In short, resolving all factual disputes in Corbello's favor, DeVito unilaterally solicited a long-term relationship with Woodard, a Texas resident, for financial gain. Under an agreement which specifically contemplated an on-going relationship between the parties, Woodard wrote the book which forms the core of this dispute in Texas. Correspondence was exchanged between the parties in Nevada and Texas, and at least one visit to Texas was made by DeVito over the course of this relationship. Under these facts, a substantial portion of the events or omissions giving rise to Corbello's claims occurred in this District and venue is proper here in the first instance. See, e.g., Traynor v. Liu, 495 F. Supp. 2d 444 (D. Del. 2007) (venue was proper in Delaware district court where Defendant contacted Plaintiff in Delaware on numerous occasions, sought her assistance with business matters, began discussing the possibility of a business partnership in Delaware, and asked Plaintiff to use her business contacts to solicit possible business for her art gallery from individuals within the district); Shropshire v. Fred Rappaport Co., 294 F. Supp. 2d 1085 (N.D. Cal. 2003) (venue was proper in Northern District of California where a substantial portion of the performance under a licensing agreement occurred there). The court will therefore deny DeVito's motion to dismiss for improper venue.

B. Motion to Transfer Venue Under Section 1404(a)

1. Standard of Review

Section 1404(a) provides that a district court may transfer a civil action to any district in which it might have been brought "[f]or the convenience of parties and witnesses," and "in the interests of justice." The goal of Section 1404(a) "is to prevent waste of time, energy, and money and to protect litigants, witnesses, and the public against unnecessary inconvenience and expense." Van Dusen v. Barrack, 376 U.S. 612, 616, 84 S. Ct. 805, 809 (1964). The threshold determination to be made under Section 1404(a) is whether the claim could have been filed in the judicial district to which transfer is sought. In re Horseshoe Entertainment, 337 F.3d 429, 433 (5th Cir. 2003), cert. denied, 540 U.S. 1049, 124 S. Ct. 826 (2003); In re Volkswagen of America, Inc., 506 F.3d 376, 380 (5th Cir. 2007).

The court notes that the Fifth Circuit's opinion in In re Volkswagen of America, Inc. was a re-hearing panel opinion, superceding an earlier per curiam opinion that had been withdrawn (In re Volkswagen of America, Inc., 223 Fed. Appx. 305 (5th Cir. 2007)). The Fifth Circuit subsequently granted rehearing en banc, see In re Volkswagen of America, Inc., 2008 WL 400236 (5th Cir. Feb 14, 2008), which had the effect of vacating the panel opinion. See Byrne v. Butler, 845 F.2d 501, 507 (5th Cir. 1988). As recently noted by the court in Aloft Media, LLC v. Adobe Sys., Inc., 2008 WL 819956 (E.D. Tex. Mar. 25, 2008), the vacated opinion "appears to adopt a slightly lower threshold favoring the party moving for transfer," and, as a result, the Aloft Media court afforded the moving party the "benefit of the doubt" in its analysis. Id. at *2. The Aloft Media court also analyzed the motion to transfer under both standards (i.e., the now-vacated panel decision standard and the standard which existed prior to that opinion), at least in part because the parties raised the issue in that case. Here, neither party references this problem in its brief. In light of the Fifth Circuit's February 14, 2008 decision, this court will therefore analyze DeVito's motion under the law as it existed before In re Volkswagen of America, Inc., 506 F.3d 376, 380 (5th Cir. 2007). At the same time, the court notes that analysis under the standard set out in the now-vacated panel decision would, if anything, only bolster the court's decision to transfer venue.

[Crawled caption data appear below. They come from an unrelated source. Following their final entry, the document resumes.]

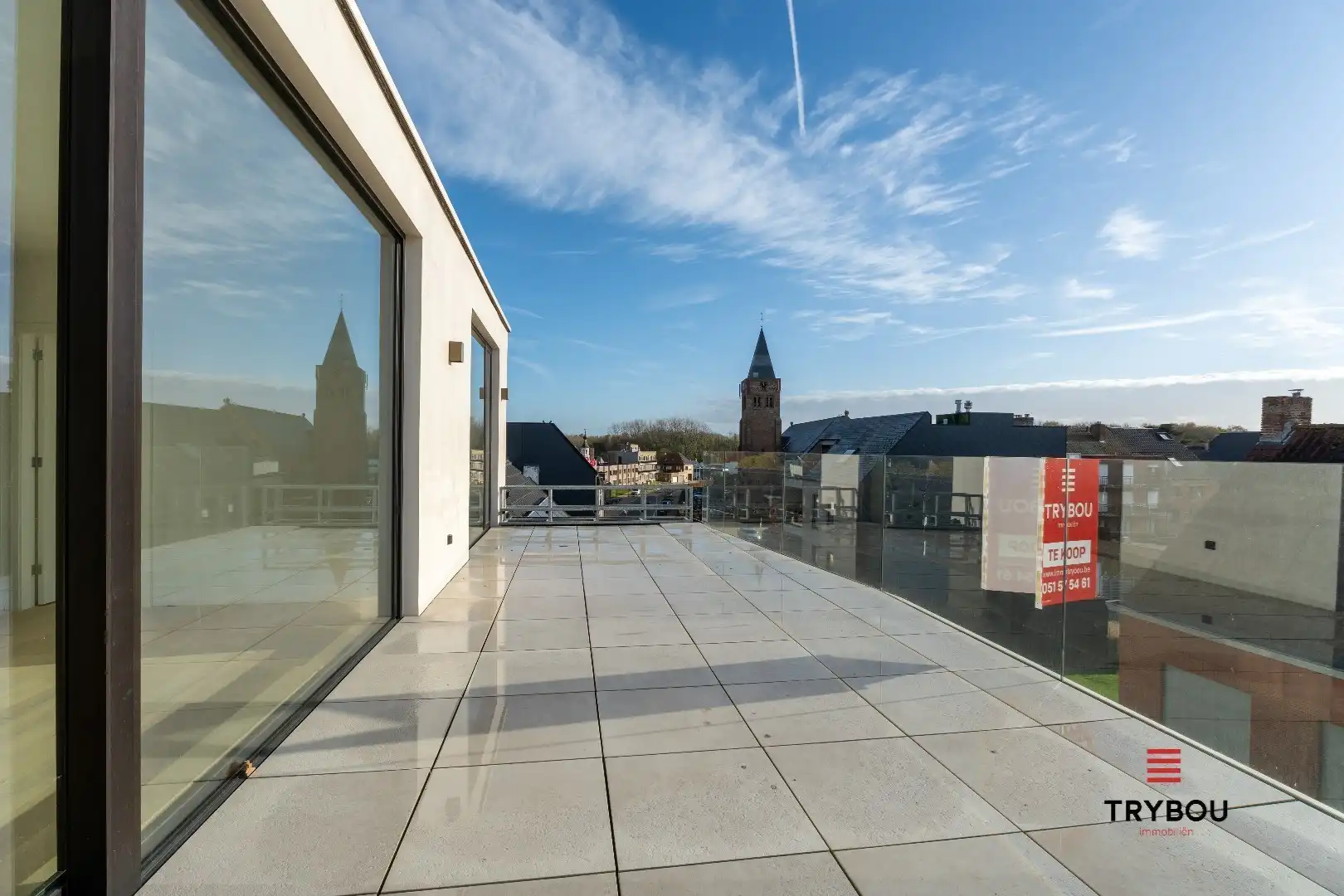 Luxueus penthouse te koop in het hartje van Houthulst!  foto 3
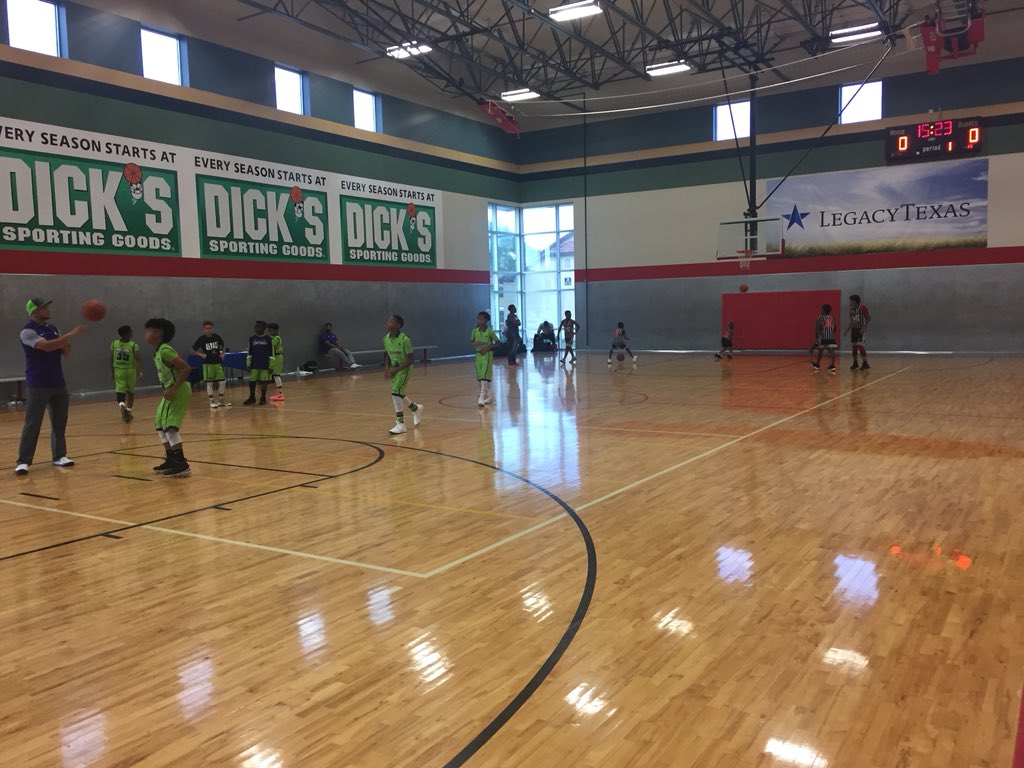 Coast2CoastPrep's tweet photo. We are 15 min away from tip in the 2026 division between Tulsa Most Talented and Lightning Elite. Lightning knocked off TMT twice last week in Tulsa , will this week be different? @playhoops https://t.co/OqwxivlCXz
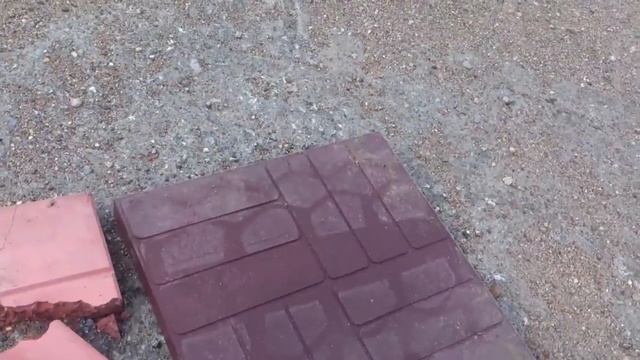 испытание полимерпесчаной плитки и бетонной. Испытание!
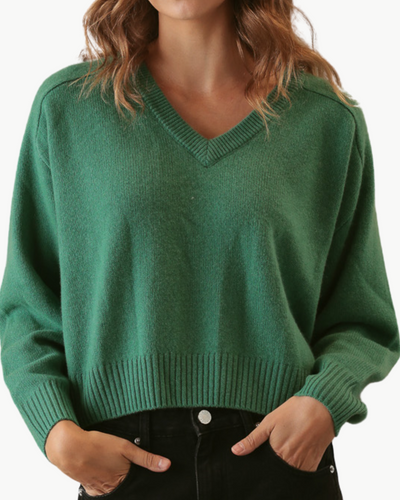 CRYSTAL CROPPED SADDLE SLEEVE V-NECK IN JADE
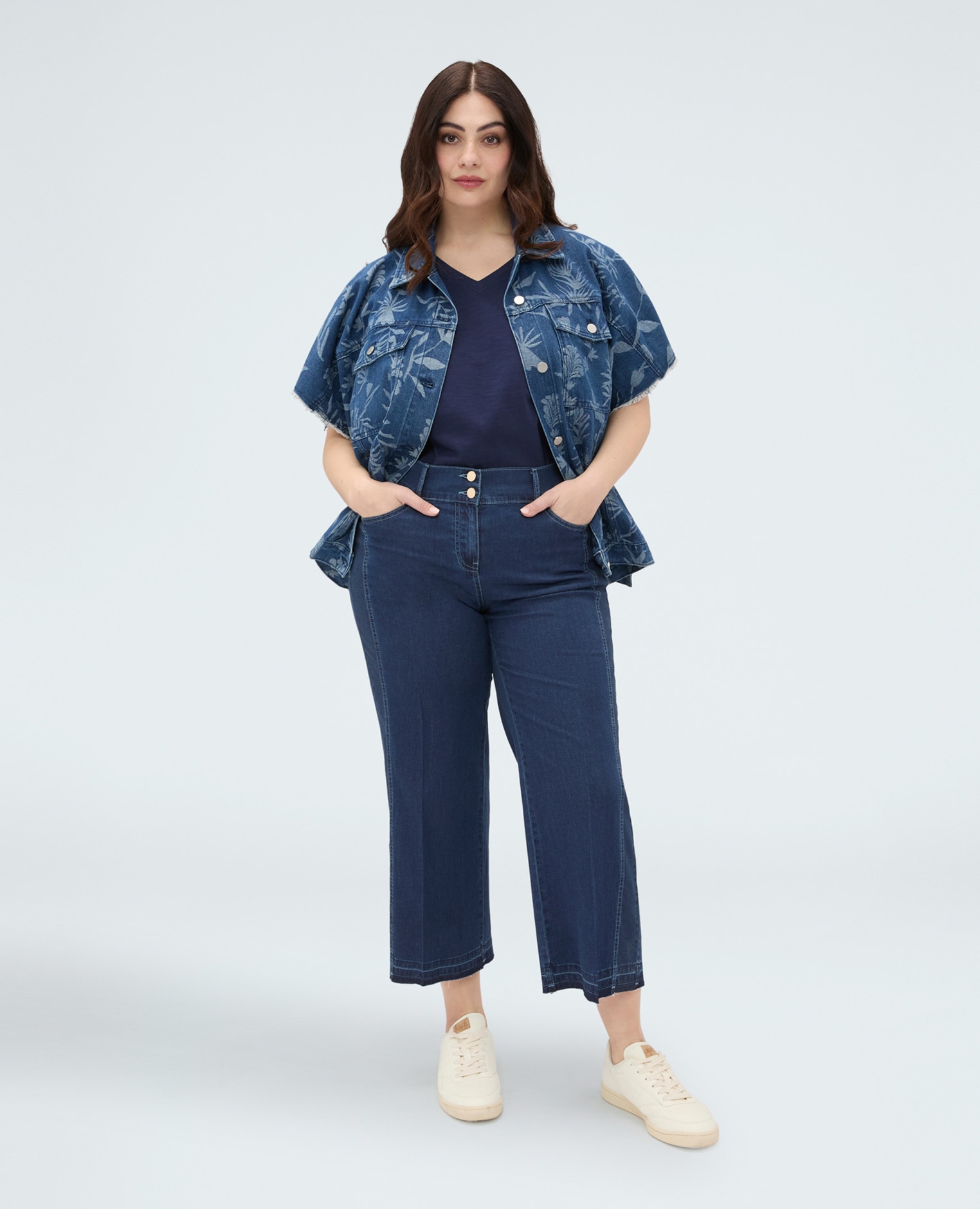 Vaqueros de mujer cropped en denim ligero cierre con doble botón y cremallera delante y elástico detrás - Fiorella Rubino - Azul Azul-1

If so, the court's analysis turns to the convenience of the parties and the witnesses. Action Industries, Inc. v. United States Fidelity Guar. Co., 358 F.3d 337, 340 (5th Cir. 2004). This determination involves examining several private and public interest factors, none of which are given dispositive weight individually. Id. The movant bears the burden of proof in demonstrating that a transfer is warranted. See Time, Inc. v. Manning, 366 F.2d 690, 698 (5th Cir. 1966).

In determining whether an action should be transferred under § 1404(a), the court must consider several private and public interest factors. Action Industries, 358 F.3d at 340. The private interest factors include: (1) plaintiff's choice of forum; (2) the convenience of parties and witnesses; (3) the place of the alleged wrong; (4) the cost of obtaining the attendance of witnesses and availability of compulsory process; (5) the accessibility and location of sources of proof; and (6) the possibility of delay and prejudice if transfer is granted. Id. at n. 8. The public interest factors consist of (1) the administrative difficulties caused by court congestion; (2) the local interest in adjudicating local disputes; (3) the unfairness of burdening citizens in an unrelated forum with jury duty; and (4) the avoidance of unnecessary problems in conflict of laws. Id. 2. Analysis

a. Whether the suit could have been brought in Nevada district court 28 U.S.C. § 1391(b)(1) states that in a case not solely based on diversity, suit may be brought in any district in which the Defendant resides. In this case, because DeVito resides within the district he seeks transfer to, venue would be proper in the District of Nevada, Las Vegas division in the first instance.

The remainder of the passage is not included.